TheRealMafoo said:
Not lazy, just not willing to put in the effort to have worth. Not the same thing. Now some put in the effort, and are still poor. THis is to a failing in government. The way you fix it, is to create a society where the only people who are poor, are there due to their own actions. If of the millions who are poor, 10% of them are poor because government did not break down barriers (like they were denied an education due to color, or a job because they were a woman for example), then it’s the governments job to fix these injustices. These are the failings in government I want fixed. Not the stealing of effort from one group of people, to give it to another group. In a perfect world, you would still have poor people. It’s just 100% of those poor people were poor due to their choices. America is very close to being there, but we have a little ways to go. |
Almost no one is poor due to their choices. Most people that are poor were born into poor environments and have never really had a chance to better themselves. Sure, a few people like Oprah get lucky, but when you have status quos in place at most jobs even fast food restaurants that ensure that only a few people regardless of work output due to favoritism, etc, ever reach the lofty role of restaurant manager, then poorer people never really have a chance to move ahead. What is a quarter here and there to minimum wage ever really going to do to better their lives especially when with every increase to minimum wage stores start charging more for their goods?

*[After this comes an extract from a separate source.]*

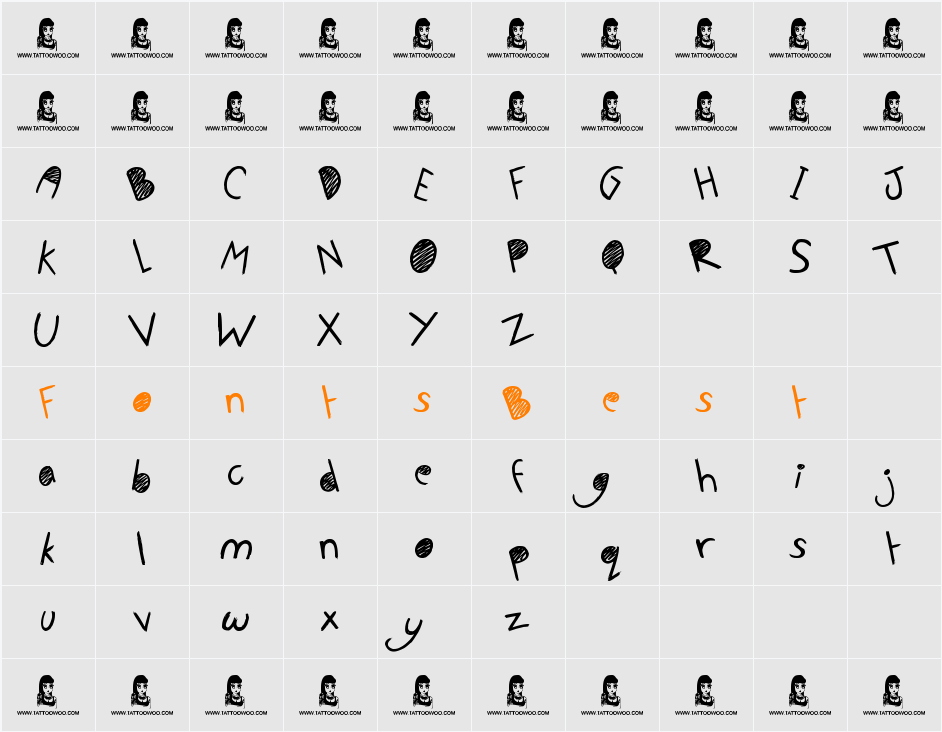 No Talking Allowed  Character Map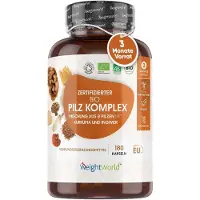 WeightWorld Complément alimentaire Certified Organic Mushroom complex, 180 gélules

The only people who never really get ahead due to their own actions are probably drug addicts and criminals. Still people that become drug addicts and criminals often do so because of the environments they grew up in or their socio-economic conditions, and even then this society always wants to say that almost everyone deserves a second chance, and judges never convict those people that are guilty of misdemeanors to lives as penniless paupers, but second chances are actually harder to come by than they are supposed to be which continues the cycle of criminal activity in many cases.